Regex Scanner
This scanner is designed to sanitize outputs based on predefined regular expression patterns. It offers flexibility in defining patterns to identify and process desirable or undesirable content within the outputs.
How it works
The scanner operates with a list of regular expressions, patterns. These patterns are used to identify specific formats, keywords, or phrases in the output.
- Matching Logic: The scanner evaluates the output against all provided patterns. If any pattern matches, the corresponding action (redaction or validation) is taken based on the
is_blocked
flag. - Redaction: If enabled, the scanner will redact the portion of the output that matches any of the patterns.
Usage
from llm_guard.output_scanners import Regex
from llm_guard.input_scanners.regex import MatchType
# Initialize the Regex scanner
scanner = Regex(
patterns=[r"Bearer [A-Za-z0-9-._~+/]+"], # List of regex patterns
is_blocked=True, # If True, patterns are treated as 'bad'; if False, as 'good'
match_type=MatchType.SEARCH, # Can be SEARCH or FULL_MATCH
redact=True, # Enable or disable redaction
)
# Scan an output
sanitized_output, is_valid, risk_score = scanner.scan(prompt, output)

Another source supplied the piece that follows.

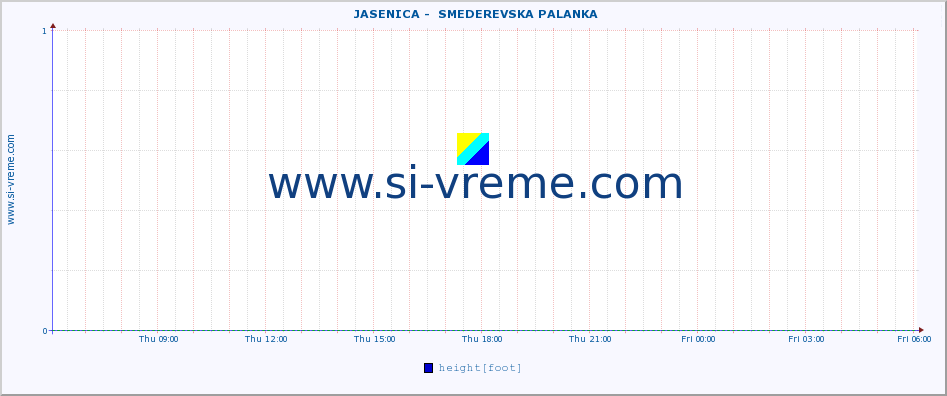  ::  JASENICA -  SMEDEREVSKA PALANKA :: height |  |  :: last day / 5 minutes.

In the above example, replace r"Bearer [A-Za-z0-9-._~+/]+"
with your actual regex pattern.
The is_blocked
parameter determines how the patterns are treated.
If is_blocked
is True, any pattern match marks the output as invalid; if False, the output is considered valid if it matches any of the patterns.
Benchmarks
Run the following script:
python benchmarks/run.py output Regex
This scanner uses built-in functions, which makes it fast.